Mgr. Tereza Kosnarová,
Service designer, facilitator, and certified accessibility specialist.
"Challenge your confirmation bias. Don't enter the field expecting tragedy; validate the reality, not your fears."
Mgr. Alexandr Kasal, Ph.D.,
Researcher at National Institute of Mental Health.
/02
In-depth Interviews
I analysed over 10 hours of raw conversation using thematic coding. The results confirmed a deep 'Trust Gap': nomads strictly perceive coworking staff as facility providers, making spontaneous disclosure of issues impossible. Despite being physically surrounded by people, their interactions remain superficial and lacking in genuine safety
/03
Desk research
I analysed 10+ academic sources and global reports on nomad mental health.
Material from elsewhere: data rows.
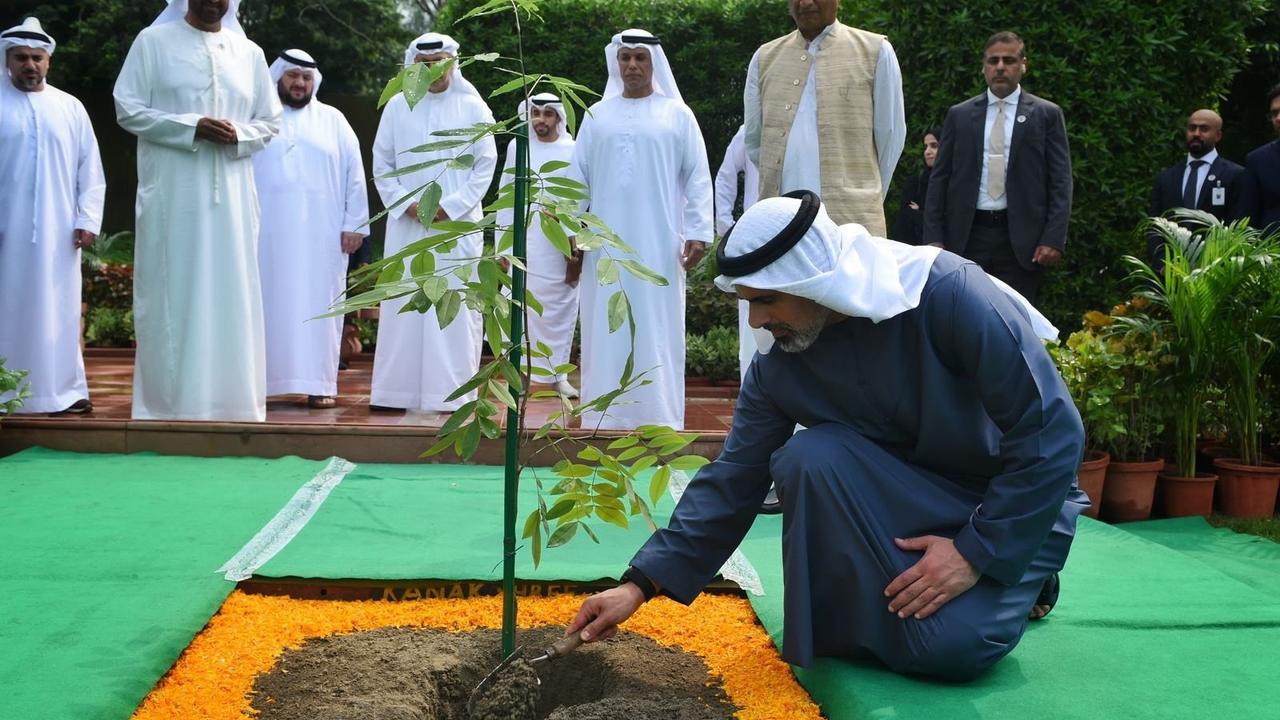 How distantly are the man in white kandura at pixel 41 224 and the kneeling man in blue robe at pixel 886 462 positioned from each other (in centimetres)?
440

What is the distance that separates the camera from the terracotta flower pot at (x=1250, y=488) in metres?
5.00

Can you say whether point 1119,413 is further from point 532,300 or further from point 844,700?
point 532,300

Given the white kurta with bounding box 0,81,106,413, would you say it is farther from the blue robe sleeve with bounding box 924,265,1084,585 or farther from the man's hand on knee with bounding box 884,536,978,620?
the blue robe sleeve with bounding box 924,265,1084,585

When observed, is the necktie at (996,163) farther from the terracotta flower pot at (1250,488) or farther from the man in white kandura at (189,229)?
the man in white kandura at (189,229)

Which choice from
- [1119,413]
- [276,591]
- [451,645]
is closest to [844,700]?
[451,645]

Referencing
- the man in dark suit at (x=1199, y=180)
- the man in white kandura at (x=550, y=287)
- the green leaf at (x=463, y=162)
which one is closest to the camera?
the green leaf at (x=463, y=162)

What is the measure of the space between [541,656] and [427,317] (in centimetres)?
375

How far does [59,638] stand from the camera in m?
2.90

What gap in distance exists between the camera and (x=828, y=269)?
2.60 metres

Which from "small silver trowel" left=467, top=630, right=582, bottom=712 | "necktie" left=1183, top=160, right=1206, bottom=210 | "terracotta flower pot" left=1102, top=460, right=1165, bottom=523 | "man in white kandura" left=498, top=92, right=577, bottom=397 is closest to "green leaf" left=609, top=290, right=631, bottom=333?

The research revealed a staggering 'Paradise Paradox': Bali's suicide rate among the expat subset is statistically alarming, often tied to adaptation fatigue and the loss of home-based safety nets. I used AI-assisted synthesis to cross-reference these clinical findings with the real-world behaviors observed in nomad communities.
/04
Coworking Infrastructure Pulse
I surveyed management across 10 global coworking hubs (e.g., Bwork, Nebula) to map current readiness. The results revealed a total absence of support protocols. Management operates with an 'Infrastructure Mindset', prioritizing Wi-Fi stability over psychological safety, leaving staff empathetic but without tools to handle mental health crises.
/05
Netnography & Data Clustering
Using AI to cluster 500+ data points from anonymous forums and social media, I identified four primary Pain Clusters: Functional Loneliness, Performance Pressure, Systemic Neglect, and Reputational Fear. This synthesis revealed the exact 'Safety Gap' where nomads reach a breaking point in total isolation.
/06
Service Journey Mapping
By mapping the current Service Blueprint, I identified a systemic 'Professional Void'. While staff is empathetic, they operate without a crisis protocol, limiting support to informal small talk that fails to address deep-seated distress.
/07
Comparative Benchmarking
I conducted a Competitive Analysis of analog mental health services. This confirmed that nomads default to anonymous forums (Netnography) because they fear reputational damage in their local physical community ('Paradise Paradox').
Define
In the Define phase, I synthesize the qualitative noise from Discovery into a strategic blueprint. This is where research becomes actionable. By clustering pain points into systemic gaps, I define the exact parameters of the 'Mental Health Safety Net'. We are not just designing a service; we are designing a protocol for human intervention in a digital-first world.
/01
Affinity mapping
I synthesised over 500 data points from the discovery phase into four strategic pillars: Functional Loneliness, Performance Pressure, Systemic Neglect, and Reputational Fear. This thematic clustering allowed me to move from raw observations to a clear definition of the 'Safety Gap' the exact point where human intervention is currently failing.
/02
Opportunity Mapping
I clustered 500+ data points into four critical pillars: Isolation, Reputation Fear, Systemic Silence, and Infrastructure Gap. This allowed us to ignore surface-level symptoms and focus on the root cause: the absence of a 'Warm Handoff' between coworking staff and clinical professionals.
/03
Problem Statements
I defined our primary persona not by demographics, but by psychological state. Alex is a 'High-Functioning Nomad' successful on LinkedIn, but suffering in silence. The persona focuses on the 'Trust Barrier': why Alex would rather post anonymously on Reddit than talk to the friendly receptionist
/04
Design Principles
I am designing a three-tier intervention model. Tier 1: Low-friction check-ins (Staff). Tier 2: Anonymous peer-support (Community). Tier 3: Direct clinical bridge (Experts). The blueprint ensures that at no point is a coworking manager forced to act as a therapist—they are simply the 'navigator' to safety.
/05
Value proposition
canvas
Mapping user 'Pains' (Isolation, Stigma) against 'Gains' (Peer support, Crisis safety). The resulting service model focuses on a three-layer intervention: Awareness, Peer-to-Peer rituals, and Professional hand-off protocols.